E poi arriva Zerocalcare, che abbiamo finalmente identificato: non è un prodotto per i rubinetti ma un celebre fumettista, almeno così ci assicurano. Entra in scena indispettito come uno a cui hanno rigato la macchina: “Sono due anni che in questo Paese qualsiasi critica fatta a Israele viene tacciata di antisemitismo, e invece le SS sono pluralismo?”. No, caro elettrodomestico umano: non qualsiasi critica. Solo quelle in cui non criticate un governo o un’operazione militare, ma il fatto stesso che Israele esista. Quando vi mettete in modalità branchi ululanti, quando attribuite a Israele ogni male cosmico, quando raccogliete firme e consensi sui cadaveri di ebrei veri per difendere terroristi veri. È lì che scatta l’antisemitismo. Ed è strano dovervelo ricordare nel 2025, ma pazienza: ognuno ha i tempi di apprendimento che ha.
Poi interviene Marco Malvaldi, che prova a riportare un’aria di ossigeno nel falò delle vanità: “Se Zerocalcare non vuole condividere lo spazio con i nazisti, adesso gli sta lasciando spazio. Io se ci sono i nazisti salgo sulla montagna, prendo il fucile, scelgo un nome d’arte e combatto.”

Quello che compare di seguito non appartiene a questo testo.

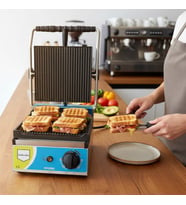 Midinoks 8 Dilim Elektrikli Döküm Profesyonel Tost Makinesi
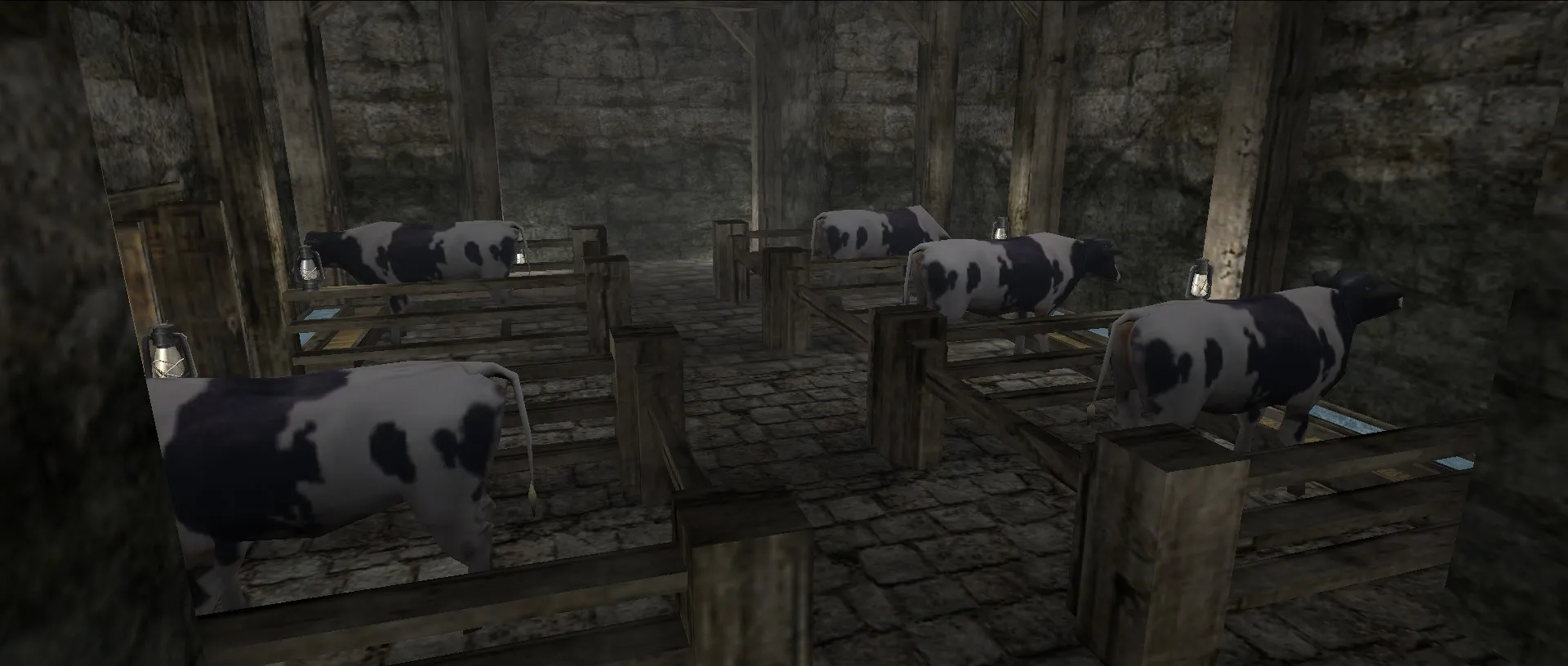 Скриншот  Карта de_monastery для CS 1.6: Полное руководство и тактика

Via, siamo seri, non vi pare che stiate tutti un filo sopra le righe? Ci manca solo qualcuno che invochi l’Index librorum prohibitorum, ed eccoci pronti a tornare al Quattrocento. Le idee, quando sono marce, non si estirpano con i fucili da partigiano indignato né con le minacce di abbandonare la fiera come se foste rockstar offese. Si battono con altre idee, migliori, più limpide, più forti. E sì: le si batte anche restando, parlando, discutendo, senza cedere un millimetro di spazio agli estremisti veri mentre ci si perde tempo con quelli immaginari.
Un consiglio gratuito: prima di salire in montagna, date un’occhiata fuori dalla finestra. La Storia non è un cosplay. E il fascismo, quello autentico, non si combatte con gli hashtag né con il tono offeso del divo in fuga. Si combatte restando lì, nel campo aperto delle parole. Dove si vede subito chi è in buona fede e chi, invece, sta solo recitando.